Faster rendering of large number of actors in VTK with WebGPU

September 19, 2023

Jaswant Panchumarti, Cory Quammen, Will Schroeder, Sankhesh Jhaveri, Jean-Christophe Fillion-Robin, Stephen Aylward, Sebastien Jourdain and Forrest Li

As introduced in our previous blog post, we have recently introduced an experimental WebGPU backend in VTK that can be compiled to the web assembly (wasm32) architecture. In this blog post, we will be providing an informal comparison between the OpenGL/WebGL backend available in VTK/vtk-js and the experimental WebGPU C++ rendering backend. The information provided here is meant to be a status update on an ongoing technical implementation. The benchmark comparisons may not always be perfectly comparable, and future performance numbers may change significantly.

When new VTK adopters want to render large CAD assemblies in VTK, their first approach is usually to create a unique actor for every part, material, region, and/or mesh. While the idea may seem reasonable, it is not the recommended approach for large-scale applications where maximizing performance is crucial. Each vtkActor incurs a small amount of processing overhead that accumulates through different stages of the rendering process. For example, it is not a recommended approach if there are a thousand or more actors.

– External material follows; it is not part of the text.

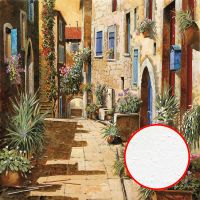 Товар: Фреска Ortograf Городской пейзаж живопись 11823 Фактура бархат FX Флизелин (2,7*2,7) Бежевый/Зеленый, Город/Цветы/Живопись - фото 1 Фреска Ortograf Городской пейзаж живопись 11823 Фактура бархат FX Флизелин (2,7*2,7) Бежевый/Зеленый, Город/Цветы/Живопись — фото 1, Фрески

Every vtkActor has a transformation matrix that describes orientation, position, and scale relative to a scene. These matrices are sent to the GPU as uniform variables which does not scale very well for larger scenes due to the cumulative overhead of a single glUniformMatrix4fv function. On top of that, VTK checks if a program uses a uniform before setting the uniform. Such state queries force OpenGL drivers to finish pending operations and should ideally be used only for debugging purposes. This can easily be alleviated using Uniform Buffer Objects (UBOs) in WebGL2 or OpenGL. Switching between uniform buffer bindings is typically faster than switching dozens of uniforms in a program.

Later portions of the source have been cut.